APL C&W Seminar - Substitution and the End of Real Estate

APL C&W Seminar - Substitution and the End of Real Estate

APL C&W Seminar - Substitution and the End of Real Estate

  Neil Odom-Haslett|September 19, 2019
Earlier this month a group of APL members dodged the rain and made it through the northern line issues to attend the C&W APL seminar on Substitution and the End of Real Estate.   We have had great feedback from attendees who 'hadn't heard anything like it before' and particularly liked the way it was brought back to what it meant for the audience.  Below is a summary from the seminar:

Throughout history there have been no substitutes for real estate – until now! As our world insidiously moves to one where digital services and products dominate, so the ability of consumers, employees and the public to carry out activities that don’t require real estate increases. We are seeing evidence of this in the impact of e-commerce on the retail sector; however, every type of real estate asset faces digital substitution threats. This spans from automation and telecommuting in place of the office, to online university courses, virtual GP appointments and digitally enabled just-in-time deliveries.

Why is this happening?
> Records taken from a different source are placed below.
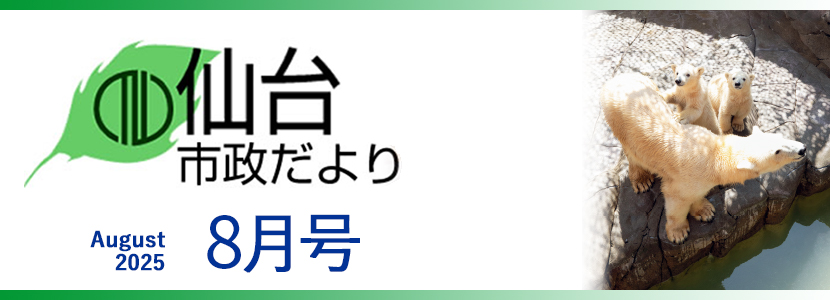 Where was the sendai tsunami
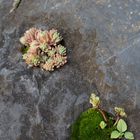 Detail im Botanischen Garten Hamburg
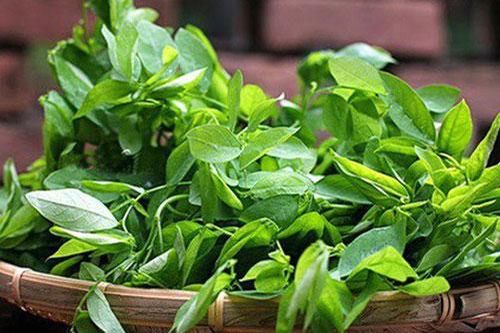 Rau ngót rất tốt, nhưng những người này không nên đụng vào kẻo hối hận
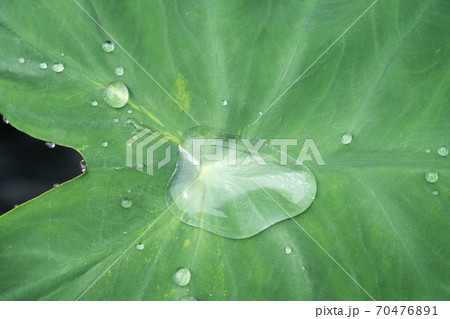 里芋の葉にたまった雨水 しずく (7月) 里芋の葉にたまった雨水 しずく (7月) 70476891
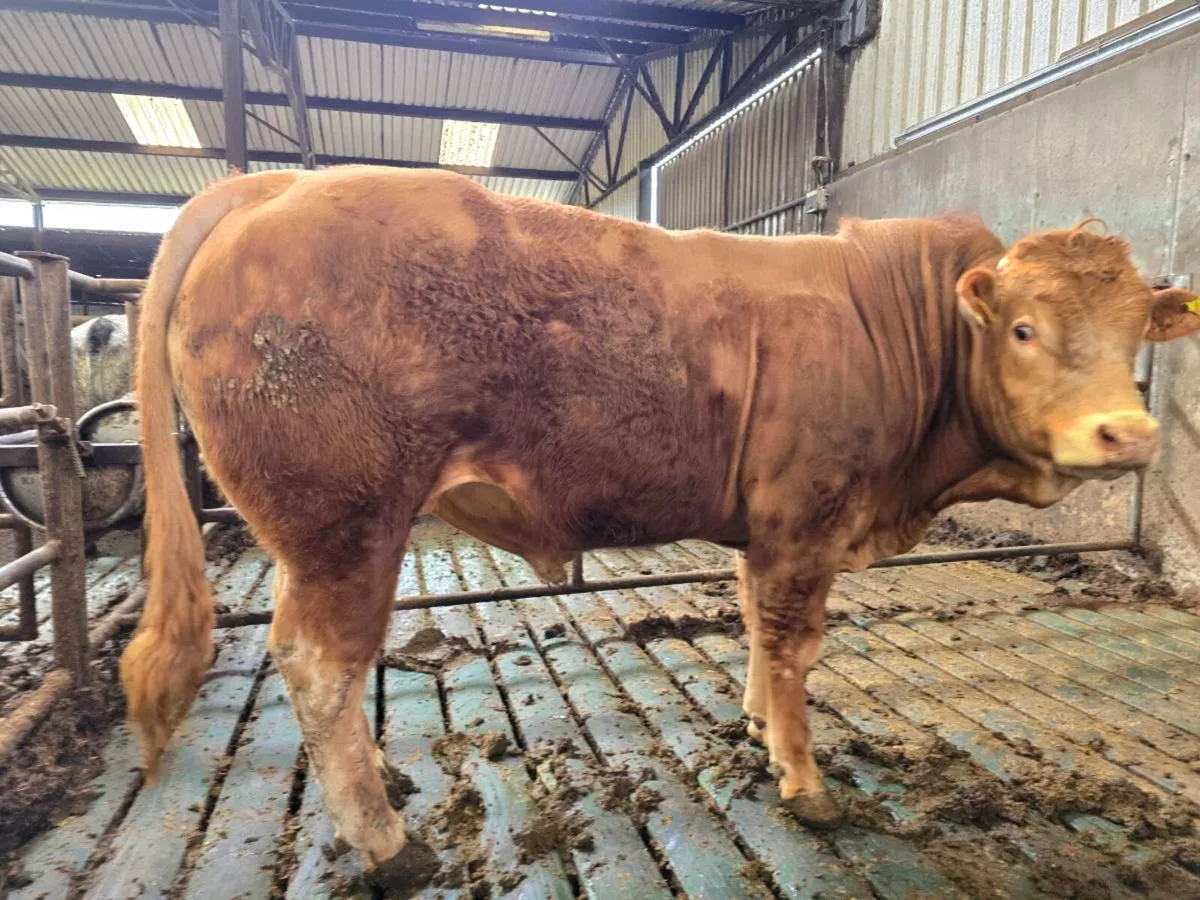 PBR Limousin Bull - Image 4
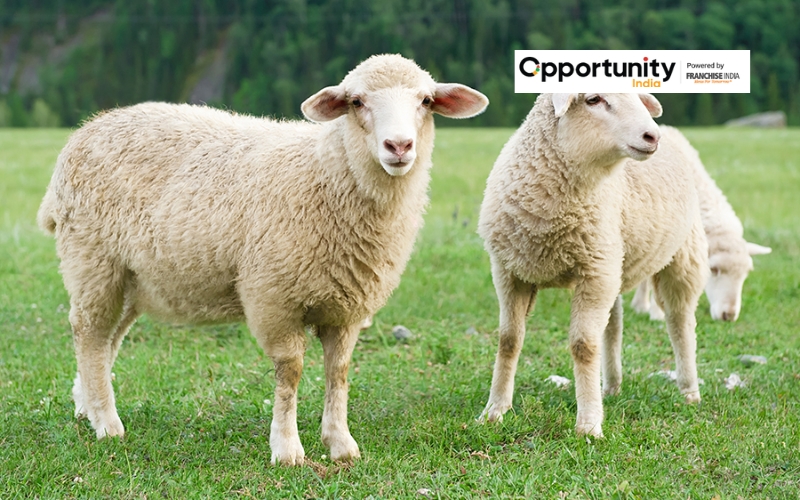 Sheep Farming Business Plan: Profit & Seps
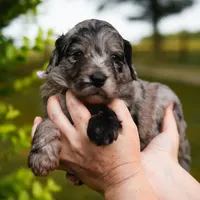 Alana, a female Bordoodle for sale in Springfield, MO – Photo 8 of 10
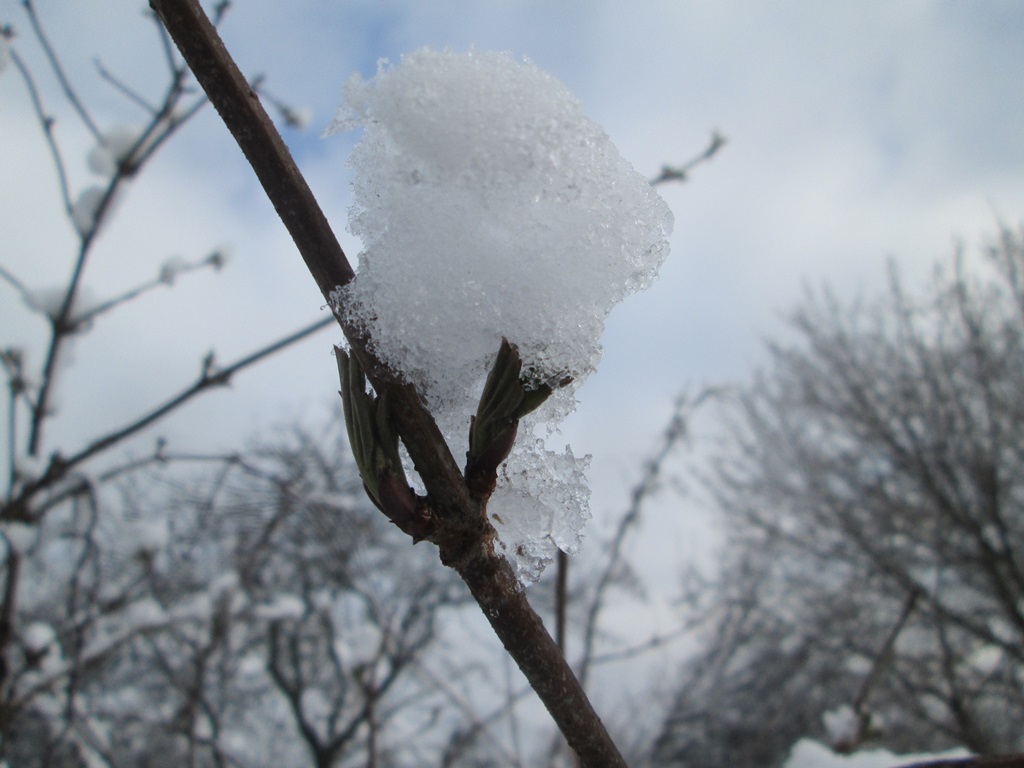 снег весной фото (10)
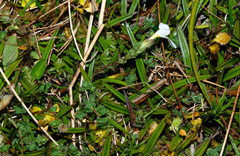 Euphrasia petriei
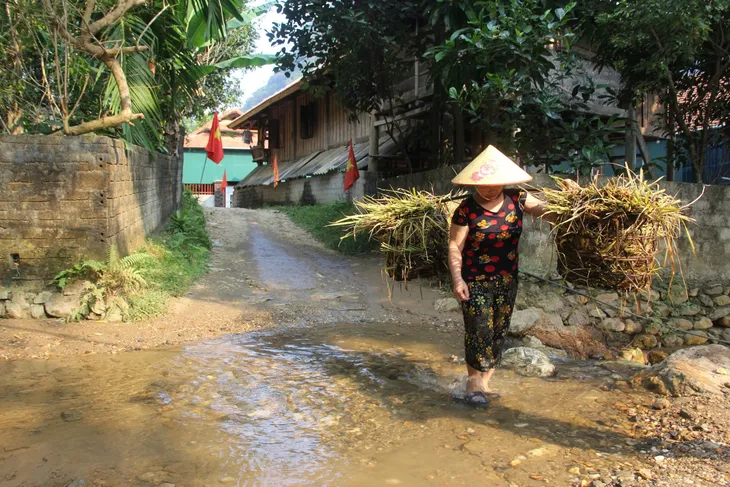 Nghệ An: Xây cầu vượt lũ cho đồng bào dân tộc thiểu số - Ảnh 2. Nghệ An: Xây cầu vượt lũ cho đồng bào dân tộc thiểu số - Ảnh 2.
Firstly, because digital products and services tend to be cheaper. In many instances, digital execution also offers consumers convenience. When you buy online, there is no need to drive into town, pay for parking and risk that the product you came to purchase isn’t in stock.

These social trends affect the demand schedule. So how can the associated risks to value be ameliorated? Firstly, some assets have a high natural defence, because they are underpinned by activities that can’t avoid the need for real estate. Residential is an example – we will always need somewhere to sleep. A second advantage comes from real estate which is underpinned by activities which are more enriching when carried out in the real world. This start with exciting venues like restaurants, theme parks and cultural attractions. However, the recent trend has been towards operators taking these same experiences and applying them in more mundane environments such as shopping centres and the workplace. 

As the importance of experience-led real estate increases, so landlords will be challenged to create differentiation through service provision, placemaking and shifting their business models from real estate investment to real estate operation. This will have significant implications for the income and risk profile of assets, as well as an increased importance of brand and intangible property in overall asset value. Looking forwards, lenders will need to take a more nuanced view of income risk and customer selection when considering a property’s suitability as security. This starts with having the right data and advice, combined with a vision for how the world might change.